Oh, I see why they don't consider themselves breeders:



> We are not breeders and our dogs do not live in kennels.


because they said so and obviously do no own a dictionary.


----------



## JakodaCD OA (May 14, 2000)

there's another thread going on this..apparently the father is 1.5 years old puppies are 500 plus 300 to ship The mother is NOT akc reg'd therefore no puppies can be akc reg'd...Also states these puppies are NOT for breeding, companions only.

With that said, you cannot breed this dog, you must neuter him in order to get an ILP via akc. He is NOT registerable, nor any offspring of his would be. The father is only 1.5, so no hip/elbow evaluation. 

I don't understand why you are "afraid" for your female elsa??? Neuter the male at 6 months, keep her separated from him if she goes into heat. 

Personally, this would not be someone I would even think of buying a puppy from doesn't matter how much they "love" their dogs which I am not disputing. 

As for the OP wanting to breed in the future, I highly recommend you start educating yourself in regards to breeding, maybe find a GOOD breeder you could mentor under. 
To even consider buying a puppy like this for breeding purposes, tells me you need to really do some research


----------



## LaRen616 (Mar 4, 2010)

At least the father is 1.5 years old.

Sin's breeder breeds 11 month olds.


----------



## LaRen616 (Mar 4, 2010)

OP, I seriously suggest you go else where.

This is a really bad choice.


----------



## carmspack (Feb 2, 2011)

Is it all right to ask about this --- quote "...Mick vom Wolf Cimmerian that breeds only for Homeland Security, prior to that , the Cimmerian line came from the Michigan State Troopers and has East German and Czech ..."

what? Mick the dog is an exclusive stud for Homeland Security ? or Cimmerian the breeding-kennel only breeds for Homeland Security , and then Cimmerian provided for Michigan State or utilized dogs in service for breeding purposes?

On the other related thread - should I breed a non akc reg dog one of the sites, the Miller site I believe has a confusing statement about a male. In one place I understand the dog in question to be a working police dog at the Miller's place for schutzhund training , in another place the suggestion is the dog is there to get his Sch H 1 title at which point he will be turned over to this department.
What is the purpose of that?

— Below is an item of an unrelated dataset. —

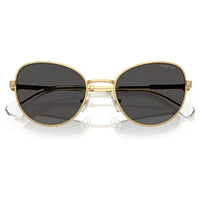 Sunglasses, Cat-eye shape, Gray by SWAROVSKI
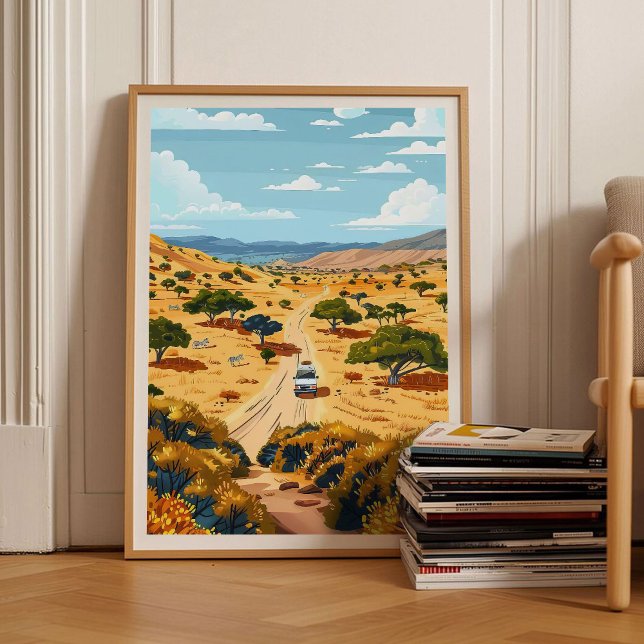 Namibie Illustration Safari Impression Voyage Nami (Créateur téléchargé)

Why take a dog out of service for a title -- or why get the title taking away valuable "street" time from working service.

If I got everything wrong I admit today it is possible. Very busy. Only checking in on forum while taking coffee break.

Carmen
Carmspack Working German Shepherd Dogs


----------



## LoveMyDogs (Mar 9, 2011)

We are going to look at puppies from another breeder.


----------



## JakodaCD OA (May 14, 2000)

I'm glad your looking around, if you post your location in the "choosing a breeder" forum, you may get some references for breeders in your area.


----------



## Samba (Apr 23, 2001)

Probably a good choice on your part. "Nice" is perhaps not the highest criteria for a person breeding. There are all sorts of people producing German Shepherds. Many are nice people, but few have the knowledge and experience I would want behind the production of the pups. There is no testing for this. Anyone can put two GSDs together. I see it a lot.


----------